The story, ‘The Light of China’, tells of a young man who shuts himself off from the world for ten long years, working on a project to avenge his fallen comrades. He successfully invents and perfects an electric ray, and on 30 May 1935 he emerges from his seclusion to turn it on the foreigners in Shanghai, leaving their persons unharmed but completely destroying all their weapons and warships. Before long, China’s new secret having been made known, the whole world is disarmed and a world government devoted to universal peace and harmony rules from Shanghai. Only Japan, refusing to face reality, stubbornly attempts an invasion, is of course defeated, and her premier publicly scolded. This achieved, our hero departs on his honeymoon, observing that it had all been made possible by science and organization.6

It is hard to see how the above rather optimistic plot, and the relatively benign effects of the story’s ray have much in common with Mr. Sung’s imagined insidious gangster ray, but it is evidence that ideas about electric rays in Shanghai were in the mind of more than one person. Perhaps it is this Chinese language story, and not Popular Science or any other international sources that is the immediate inspiration for Mr. Sung ideas around a powerful ray? Or perhaps Mr. Sung was, in fact, right all along? Perhaps operatives of the Green Gang, with their deep police ties were indeed operating a powerful killing machine out of the convenient central location of the Louza Police Station? Special branch may have buried Mr. Sung’s letters deep in their files, but we can only hope a Netflix special will someday bring the truth of this conspiracy back into the light. 😊 


  1. p24 and p28 of the file. https://archive.org/details/smpa-files-361  

  2. p17 and p32 of the file for the drawings, and p7, p9, p13, p19, and p21 for his maps.  

  3. For more on Sikh police officers see Isabella Jackson. ‘The Raj on Nanjing Road: Sikh Policemen in Treaty-Port Shanghai’. Modern Asian Studies 46, no. 06 (2012): 1672–1704. Cao, Yin. From Policemen to Revolutionaries: A Sikh Diaspora in Global Shanghai, 1885-1945. BRILL, 2017.  

  4. Fanning, William J. ‘The Historical Death Ray and Science Fiction in the 1920s and 1930s’. Science Fiction Studies 37, no. 2 (2010), 253.  

  5. Rigby cites Tu-li P’ing-lun no 10, May 30 memorial issue, 30/5/26; pp. 11-14  

  6. Emphasis mine.
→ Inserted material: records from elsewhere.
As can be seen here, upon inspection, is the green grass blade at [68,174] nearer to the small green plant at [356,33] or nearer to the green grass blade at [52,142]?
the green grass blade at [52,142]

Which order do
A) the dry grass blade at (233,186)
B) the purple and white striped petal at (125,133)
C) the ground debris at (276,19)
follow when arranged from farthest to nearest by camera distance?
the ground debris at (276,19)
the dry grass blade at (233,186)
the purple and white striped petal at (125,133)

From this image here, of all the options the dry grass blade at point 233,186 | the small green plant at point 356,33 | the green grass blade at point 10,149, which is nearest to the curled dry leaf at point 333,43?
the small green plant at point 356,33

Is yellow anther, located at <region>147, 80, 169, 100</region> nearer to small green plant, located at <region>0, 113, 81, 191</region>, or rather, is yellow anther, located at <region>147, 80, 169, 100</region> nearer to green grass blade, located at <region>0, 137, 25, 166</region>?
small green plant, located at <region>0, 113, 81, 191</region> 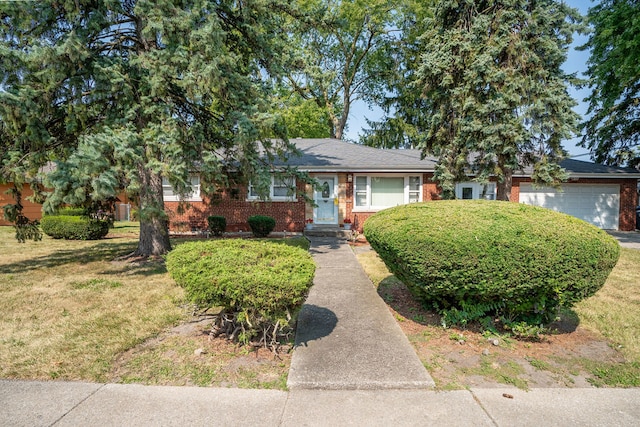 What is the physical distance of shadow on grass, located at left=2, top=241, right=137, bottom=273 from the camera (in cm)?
831

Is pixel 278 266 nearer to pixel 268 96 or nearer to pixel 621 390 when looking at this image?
pixel 621 390

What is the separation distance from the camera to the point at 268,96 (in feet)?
28.3

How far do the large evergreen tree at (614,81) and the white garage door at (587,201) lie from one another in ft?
9.22

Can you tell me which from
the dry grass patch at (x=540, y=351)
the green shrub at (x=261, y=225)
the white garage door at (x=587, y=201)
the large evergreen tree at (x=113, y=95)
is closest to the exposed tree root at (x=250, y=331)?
the dry grass patch at (x=540, y=351)

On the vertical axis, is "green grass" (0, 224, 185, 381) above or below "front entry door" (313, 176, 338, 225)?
below

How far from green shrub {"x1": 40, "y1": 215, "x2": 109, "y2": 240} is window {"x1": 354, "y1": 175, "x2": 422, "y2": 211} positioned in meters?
10.6

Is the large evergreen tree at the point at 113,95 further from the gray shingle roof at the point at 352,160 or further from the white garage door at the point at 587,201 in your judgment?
the white garage door at the point at 587,201

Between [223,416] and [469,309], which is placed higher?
[469,309]

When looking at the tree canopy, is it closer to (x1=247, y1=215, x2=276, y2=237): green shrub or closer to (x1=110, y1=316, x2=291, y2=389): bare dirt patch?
(x1=247, y1=215, x2=276, y2=237): green shrub

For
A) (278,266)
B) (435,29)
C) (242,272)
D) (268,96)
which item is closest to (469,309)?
(278,266)

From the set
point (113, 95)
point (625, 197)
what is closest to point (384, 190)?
point (113, 95)

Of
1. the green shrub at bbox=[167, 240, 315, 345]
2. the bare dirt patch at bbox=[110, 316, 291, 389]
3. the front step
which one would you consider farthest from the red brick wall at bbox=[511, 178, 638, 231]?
the bare dirt patch at bbox=[110, 316, 291, 389]

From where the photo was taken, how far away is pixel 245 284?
10.5 ft

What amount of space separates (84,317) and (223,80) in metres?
5.23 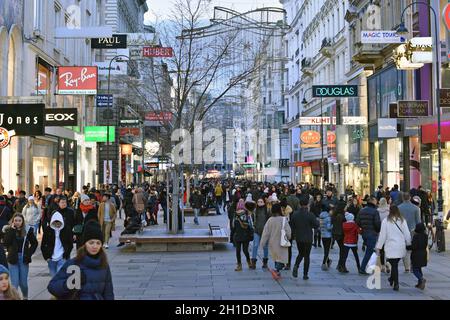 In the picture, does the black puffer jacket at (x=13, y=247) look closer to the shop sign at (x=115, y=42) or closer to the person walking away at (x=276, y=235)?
the person walking away at (x=276, y=235)

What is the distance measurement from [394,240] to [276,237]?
8.04ft

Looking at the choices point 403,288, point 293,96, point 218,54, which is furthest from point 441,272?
point 293,96

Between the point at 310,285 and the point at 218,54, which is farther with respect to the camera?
the point at 218,54

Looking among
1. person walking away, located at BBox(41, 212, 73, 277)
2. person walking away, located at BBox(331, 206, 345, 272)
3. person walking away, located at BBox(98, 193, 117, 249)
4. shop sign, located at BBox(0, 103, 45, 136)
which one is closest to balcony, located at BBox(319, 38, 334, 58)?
shop sign, located at BBox(0, 103, 45, 136)

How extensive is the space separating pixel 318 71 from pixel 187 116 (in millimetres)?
25913

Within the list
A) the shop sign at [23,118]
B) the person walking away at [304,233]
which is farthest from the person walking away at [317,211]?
the shop sign at [23,118]

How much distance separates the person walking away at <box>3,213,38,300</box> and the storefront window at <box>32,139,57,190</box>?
66.5 ft

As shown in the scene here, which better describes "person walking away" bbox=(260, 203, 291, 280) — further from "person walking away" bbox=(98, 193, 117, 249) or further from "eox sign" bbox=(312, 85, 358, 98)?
"eox sign" bbox=(312, 85, 358, 98)

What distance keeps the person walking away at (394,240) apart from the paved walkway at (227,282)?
553mm

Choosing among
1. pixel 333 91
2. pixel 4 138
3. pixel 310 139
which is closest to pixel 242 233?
pixel 4 138

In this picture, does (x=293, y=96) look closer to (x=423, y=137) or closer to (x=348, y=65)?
(x=348, y=65)

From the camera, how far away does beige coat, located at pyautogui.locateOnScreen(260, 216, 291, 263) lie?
475 inches

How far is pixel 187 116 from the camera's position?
96.5ft

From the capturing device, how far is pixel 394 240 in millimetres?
10781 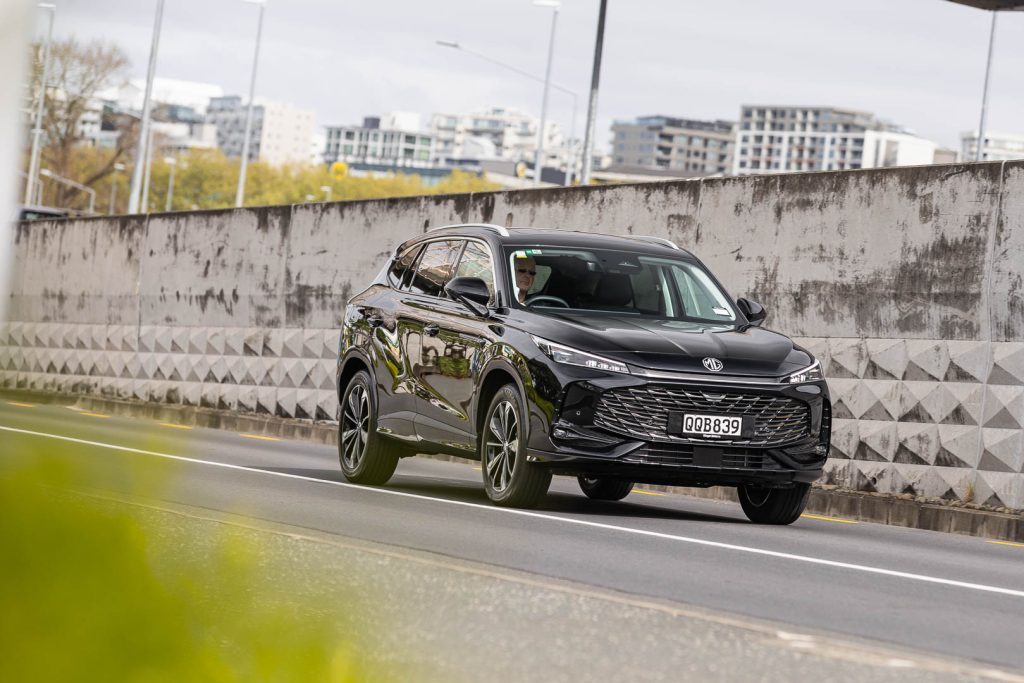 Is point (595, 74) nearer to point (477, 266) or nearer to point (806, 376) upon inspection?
point (477, 266)

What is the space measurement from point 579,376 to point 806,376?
1548 mm

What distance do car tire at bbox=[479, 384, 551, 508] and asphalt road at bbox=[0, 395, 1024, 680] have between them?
16 cm

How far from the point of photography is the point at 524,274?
38.3 feet

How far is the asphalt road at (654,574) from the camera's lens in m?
5.42

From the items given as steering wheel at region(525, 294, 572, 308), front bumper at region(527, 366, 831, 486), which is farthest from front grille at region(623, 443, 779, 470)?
steering wheel at region(525, 294, 572, 308)

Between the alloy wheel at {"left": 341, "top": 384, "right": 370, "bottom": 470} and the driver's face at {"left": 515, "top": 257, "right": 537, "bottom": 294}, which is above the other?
the driver's face at {"left": 515, "top": 257, "right": 537, "bottom": 294}

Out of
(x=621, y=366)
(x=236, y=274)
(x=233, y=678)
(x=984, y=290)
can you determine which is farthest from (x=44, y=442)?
(x=236, y=274)

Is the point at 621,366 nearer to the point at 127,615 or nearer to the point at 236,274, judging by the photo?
the point at 127,615

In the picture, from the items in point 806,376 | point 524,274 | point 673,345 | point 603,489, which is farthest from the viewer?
point 603,489

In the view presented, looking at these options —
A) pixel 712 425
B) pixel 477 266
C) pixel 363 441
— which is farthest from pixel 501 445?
pixel 363 441

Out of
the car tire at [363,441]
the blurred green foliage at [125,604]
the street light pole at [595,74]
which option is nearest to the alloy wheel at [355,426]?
the car tire at [363,441]

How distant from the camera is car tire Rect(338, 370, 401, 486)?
41.9 feet

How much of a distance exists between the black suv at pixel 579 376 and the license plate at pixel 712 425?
10mm

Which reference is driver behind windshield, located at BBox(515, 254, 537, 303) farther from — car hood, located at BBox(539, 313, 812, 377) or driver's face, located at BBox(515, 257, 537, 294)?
car hood, located at BBox(539, 313, 812, 377) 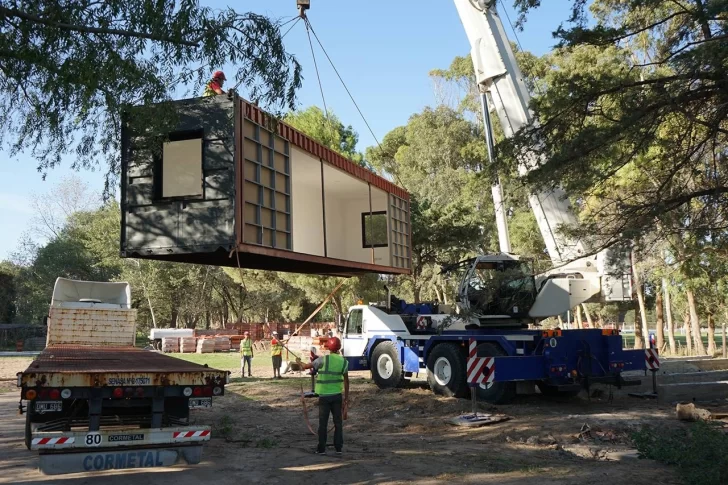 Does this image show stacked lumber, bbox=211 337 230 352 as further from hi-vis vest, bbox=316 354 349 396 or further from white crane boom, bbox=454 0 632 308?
hi-vis vest, bbox=316 354 349 396

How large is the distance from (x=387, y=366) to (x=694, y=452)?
32.1 ft

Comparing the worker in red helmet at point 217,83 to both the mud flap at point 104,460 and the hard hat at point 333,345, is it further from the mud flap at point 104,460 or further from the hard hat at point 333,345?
the mud flap at point 104,460

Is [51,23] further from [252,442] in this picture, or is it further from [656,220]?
[656,220]

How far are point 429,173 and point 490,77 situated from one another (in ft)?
90.5

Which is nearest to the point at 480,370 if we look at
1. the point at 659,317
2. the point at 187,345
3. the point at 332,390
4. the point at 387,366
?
the point at 332,390

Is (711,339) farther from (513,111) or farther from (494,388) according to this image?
(494,388)

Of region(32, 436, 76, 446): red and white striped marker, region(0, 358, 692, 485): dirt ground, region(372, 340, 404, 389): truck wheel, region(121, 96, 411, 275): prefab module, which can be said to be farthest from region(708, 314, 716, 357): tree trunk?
region(32, 436, 76, 446): red and white striped marker

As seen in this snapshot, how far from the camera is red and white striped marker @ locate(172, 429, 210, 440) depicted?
708 cm

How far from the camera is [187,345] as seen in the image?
40750mm

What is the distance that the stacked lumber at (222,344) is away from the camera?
4066cm

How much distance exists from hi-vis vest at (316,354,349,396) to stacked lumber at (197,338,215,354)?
3242 centimetres

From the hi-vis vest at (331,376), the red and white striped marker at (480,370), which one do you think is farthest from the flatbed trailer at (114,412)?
the red and white striped marker at (480,370)

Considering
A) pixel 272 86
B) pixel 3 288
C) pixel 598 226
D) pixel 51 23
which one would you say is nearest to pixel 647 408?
pixel 598 226

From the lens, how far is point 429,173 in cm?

I only have Rigby’s 1975 dissertation at hand “The May 30 Movement: an Outline” Australian National University, pp316-7. However, google books suggests that the anecdote is also included in his book The May 30 Movement: Events and Themes, p164.  

2 Comments

  1. Always a pleasure to find out what the hard-working boys in blue had to deal with. 🙂 For what its worth, I instantly thought about airplanes reading this. The idea that there might be super-weapons was of course not that odd after WWI, and while the idea that they might be targeted at random civilians seems odd to us it was pretty generally accepted that poison gas would be dropped on civilians from the air in the “next war”. In fact, the Japanese and Brits did some of that in the interwar period, but for some reason it never did happen on a large scale in WWII.